Mar 30, 2022@10:00 am-4:00 pm

Garden Exhibition January 5 – June 5, 2022

Forms + Figures celebrates the many facets of sculpture through the works of 4 artists: Patrick Hurst’s physics-defying spheres, Julian Wild’s geometric abstractions, Tarik Currimbhoy’s kinetic forms, and Jason Myers’ towering figures. Though each work is composed of steel, no artist’s works could be confused for another’s; this exhibition is testament to the artists’ creativity in both concept and in execution.

In Partnership with

About the Artists

Tarik Currimbhoy (Indian/American, b. 1954)
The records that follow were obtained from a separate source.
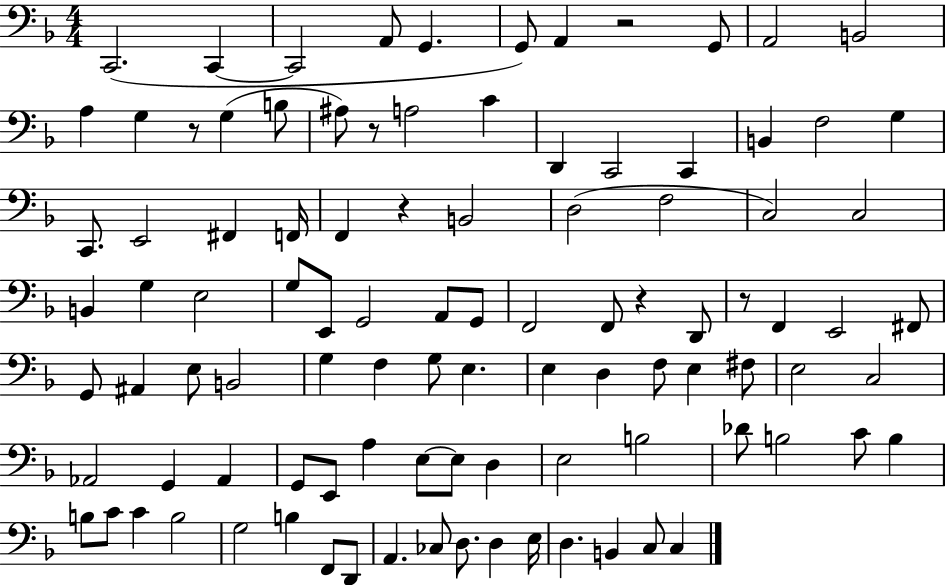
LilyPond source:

{
  \clef bass
  \numericTimeSignature
  \time 4/4
  \key f \major
  c,2.( c,4~~ | c,2 a,8 g,4. | g,8) a,4 r2 g,8 | a,2 b,2 | \break a4 g4 r8 g4( b8 | ais8) r8 a2 c'4 | d,4 c,2 c,4 | b,4 f2 g4 | \break c,8. e,2 fis,4 f,16 | f,4 r4 b,2 | d2( f2 | c2) c2 | \break b,4 g4 e2 | g8 e,8 g,2 a,8 g,8 | f,2 f,8 r4 d,8 | r8 f,4 e,2 fis,8 | \break g,8 ais,4 e8 b,2 | g4 f4 g8 e4. | e4 d4 f8 e4 fis8 | e2 c2 | \break aes,2 g,4 aes,4 | g,8 e,8 a4 e8~~ e8 d4 | e2 b2 | des'8 b2 c'8 b4 | \break b8 c'8 c'4 b2 | g2 b4 f,8 d,8 | a,4. ces8 d8. d4 e16 | d4. b,4 c8 c4 | \break \bar "|."
} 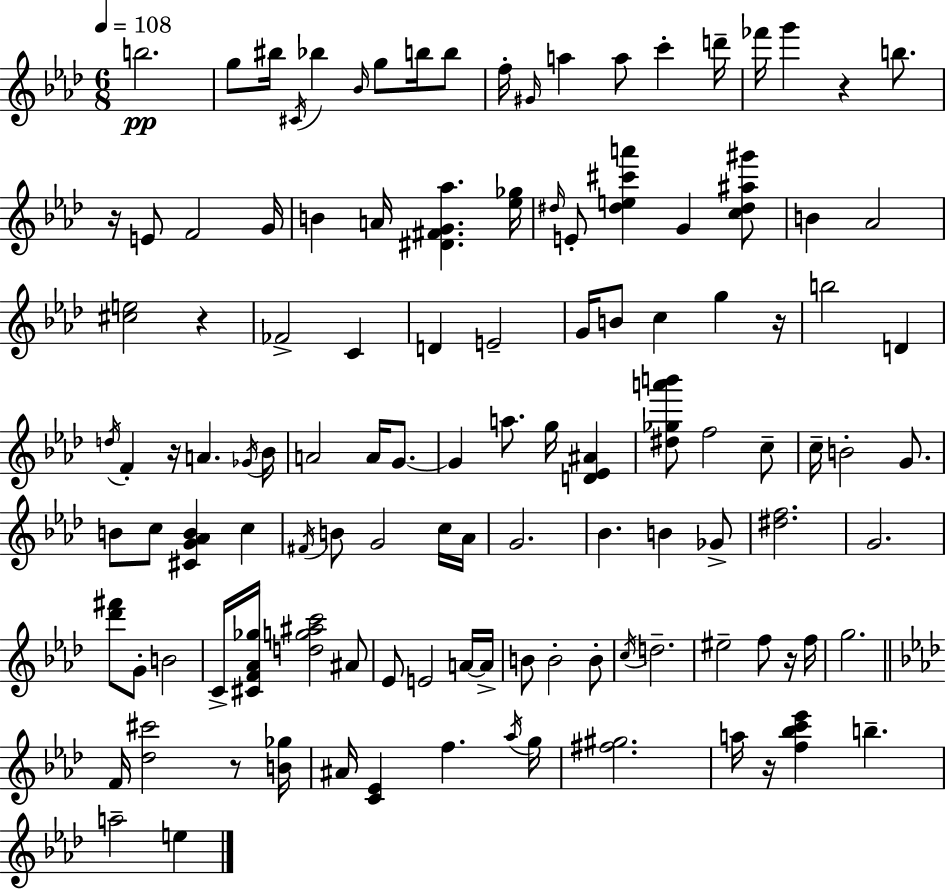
B5/h. G5/e BIS5/s C#4/s Bb5/q Bb4/s G5/e B5/s B5/e F5/s G#4/s A5/q A5/e C6/q D6/s FES6/s G6/q R/q B5/e. R/s E4/e F4/h G4/s B4/q A4/s [D#4,F#4,G4,Ab5]/q. [Eb5,Gb5]/s D#5/s E4/e [D#5,E5,C#6,A6]/q G4/q [C5,D#5,A#5,G#6]/e B4/q Ab4/h [C#5,E5]/h R/q FES4/h C4/q D4/q E4/h G4/s B4/e C5/q G5/q R/s B5/h D4/q D5/s F4/q R/s A4/q. Gb4/s Bb4/s A4/h A4/s G4/e. G4/q A5/e. G5/s [D4,Eb4,A#4]/q [D#5,Gb5,A6,B6]/e F5/h C5/e C5/s B4/h G4/e. B4/e C5/e [C#4,G4,Ab4,B4]/q C5/q F#4/s B4/e G4/h C5/s Ab4/s G4/h. Bb4/q. B4/q Gb4/e [D#5,F5]/h. G4/h. [Db6,F#6]/e G4/e B4/h C4/s [C#4,F4,Ab4,Gb5]/s [D5,G5,A#5,C6]/h A#4/e Eb4/e E4/h A4/s A4/s B4/e B4/h B4/e C5/s D5/h. EIS5/h F5/e R/s F5/s G5/h. F4/s [Db5,C#6]/h R/e [B4,Gb5]/s A#4/s [C4,Eb4]/q F5/q. Ab5/s G5/s [F#5,G#5]/h. A5/s R/s [F5,Bb5,C6,Eb6]/q B5/q. A5/h E5/q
Classically trained in the arts, industrial design, and architecture, Tarik Currimbhoy is a trifecta of artistic prowess. Having earned a Bachelor of Fine Arts and a Master of Architecture from the Pratt Institute, as well as a Master of Arts from Cornell University, Currimbhoy later went on to teach at both institutions (Drawing at Cornell and Design at Pratt).

In both architecture and sculpture, Currimbhoy searches for tranquility, simplicity and tactility, expressed in purity of both form and material. Inspired by ancient architecture of building blocks resting on each other in tension and compression, his sculptures are “stories of structure and gravity”, held together under compression in stone and metal.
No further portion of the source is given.